Barrie couldn’t quite let the story go and continued to tinker with the play and the ending. We’ve cherry picked from the different versions. The 1911 novel gives you the most background. I have become obsessed by reading more about Barrie himself. His inspiration for Peter Pan springs from the death of his older brother when Barrie was eight. David was the boy who would never grow up. His mother never recovered and Barrie forever tried to fill that void.
In Barrie’s original version Hook was a minor character.
Yes Peter Pan, the boy who wouldn’t behave and wants to stay young forever and have adventures would have been every Edwardian parent’s nightmare. He was the baddie. Hook wasn’t a proper character just someone who came on ‘front cloth’ during the interminably long scene changes. Gerald Du Maurier who was playing Mr Darling wanted to play him and he grew into this villain that because of the power of magical storytelling is one of literature’s enduring characters.

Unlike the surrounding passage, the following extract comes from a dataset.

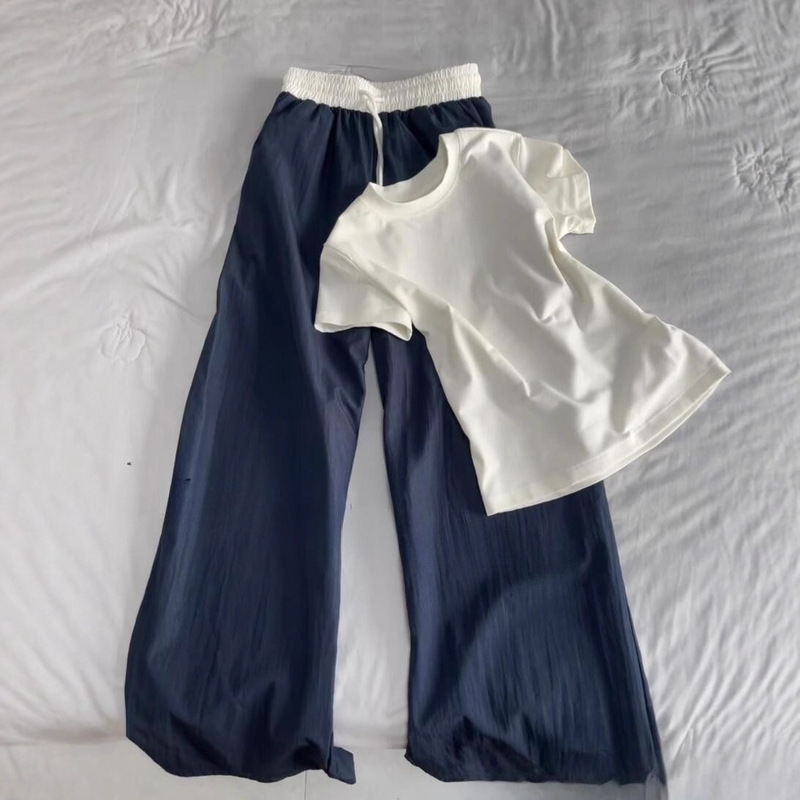 Korean Pure Desire Suit for Women, White Right Shoulder Short-Sleeved T-Shirt for Women + Navy Blue Contrasting Color Stitching Wide-Leg Pants Two-Piece Suit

By the end the pirates want to be lost boys and have a mother. You could see Hook as a man who secretly longs for his own childhood and to have a mother. Take away the wig and the hook and there’s a child underneath.
You had an accident five years ago (Birrell was shot in the eye by a prop gun during a performance of Passion at the Donmar Warehouse). Are you fully recovered?
I am absolutely fine now. This is one of those parts where you may worry that you played it before the accident and wonder if you will struggle with such a physical part with all that sword fighting and running about. But here I am doing it!